Tempering Your Slurry
This is the technique that uses the magic of cornstarch! If the cornstarch mixture were simply poured into the hot berries, it would clump up and you would have a lumpy, gluey mess and to top it off, the egg might scramble. By slowly combining the cornstarch and egg with the hot berries, you temper the cornstarch slurry--or slowly bring its temperature up, therefore, stabilizing it. Pour 1 cup of the hot berry mixture into the cornstarch slurry. Stir until well combined. Then pour that mixture back into the hot pan of berries. Stir for one minute.
Simple Syrup is just as its title implies–simple! It’s often the base for cocktails and other drinks such as lemonade and iced teas. It’s easy to flavor simple syrups with botanicals, herbs, fruits, teas, citrus zest, and even chile peppers. This recipe uses rose petals to add a subtle rose flavor to this berry pudding.
Creating simple syrup is just combining water and sugar in a one-to-one ratio and cooking until the sugar dissolves.
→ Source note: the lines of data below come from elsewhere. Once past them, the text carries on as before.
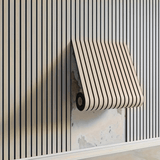 3D Akupanel – Zelfklevende houten panelen voor stijlvolle wanddecoratie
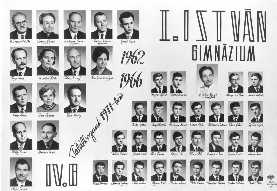 Az 1962 - 1966-os b osztály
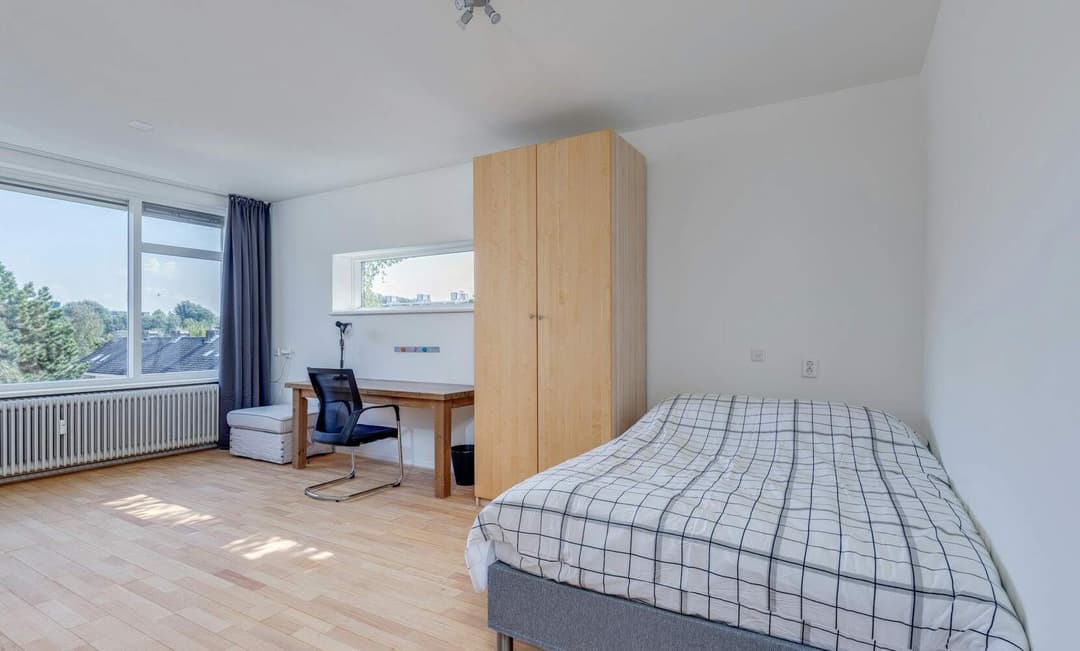 Kamer in de Aernt Bruunstraat, Rotterdam - Te Huur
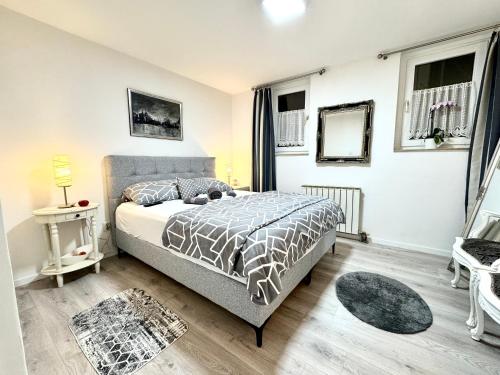 Ένα ή περισσότερα κρεβάτια σε δωμάτιο στο Hostel Pansion Lion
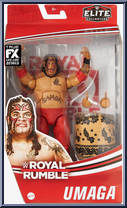 Umaga from WWE Elite Collection - Royal Rumble 2021 manufactured by Mattel [Front]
In this recipe after dissolving the sugar, rose petals are added. Let the rose petals steep for 20 minutes before straining. But don’t throw those rose petals away! If you would like to make another batch of syrup to use in cocktails or pour over pound cake, you can at this point reuse the rose petals for a second batch of syrup.
Watch Emily & Eliah create this recipe step by step:
Rose Berry Pudding Recipe
Let’s get cooking!
1 cup + 4 tablespoons of Water, divided use
1 cup Sugar
1 cup Rose Petals
20 ounces of Berries, we like a combo of strawberries and raspberries
3 teaspoons of Lemon juice
¼ cup of Cornstarch
¼ teaspoon of Pacific Flake Sea Salt
2 Egg yolks
Combine 1 cup water with 1 cup sugar in a small saucepan. Bring to a boil and stir until the sugar is dissolved.
Turn down to a simmer and add the rose petals. Simmer for 2 minutes.
Turn off the heat and allow the rose petals to steep in the syrup for 20 minutes.
While the rose petals are steeping, wash, dry, and slice your berries.
After the rose petals have steeped for 20 minutes, strain the rose petals from the syrup.
In a blender or food processor, puree the berries with lemon juice and puree. Add a few tablespoons of simple syrup if liquid is needed to get the berries blending.
If needed, strain the seeds from your berry mixture.
Place berries and lemon juice in a medium saucepan and bring just to a simmer.
While the berries come to a simmer, create your cornstarch slurry. Combine the cornstarch, salt, and egg yolks in a bowl and stir together. It will be clumpy.
Add 3-4 tablespoons of your Rose Simple Syrup. It will seize up and become really thick at this point. Thin it out by adding one tablespoon of water at a time while stirring. After 3-4 tablespoons, your mixture should be smooth and easy to stir. If you are not using the egg for this mixture, add the water before adding the syrup.
After the berries come to a simmer, turn the heat off. Pour 1 cup of the hot berry mixture into the cornstarch slurry. Stir until well combined. Then pour that mixture back into the hot pan of berries. Stir for one minute.
Turn the heat back on and bring the mixture to a full boil. You'll want to stir the mixture frequently. As the mixture comes to a boil it will thicken and your bubbles will make a plopping or glopping noise! Simmer for just a minute or two.
Turn off the heat. Immediately put your pudding into the dish you plan to serve it in. We like to serve this in little jars, but anything from a large bowl to little custard bowls will work. To keep it from forming a thicker layer on top, cover it with plastic wrap or wax paper before chilling in the refrigerator for at least two hours.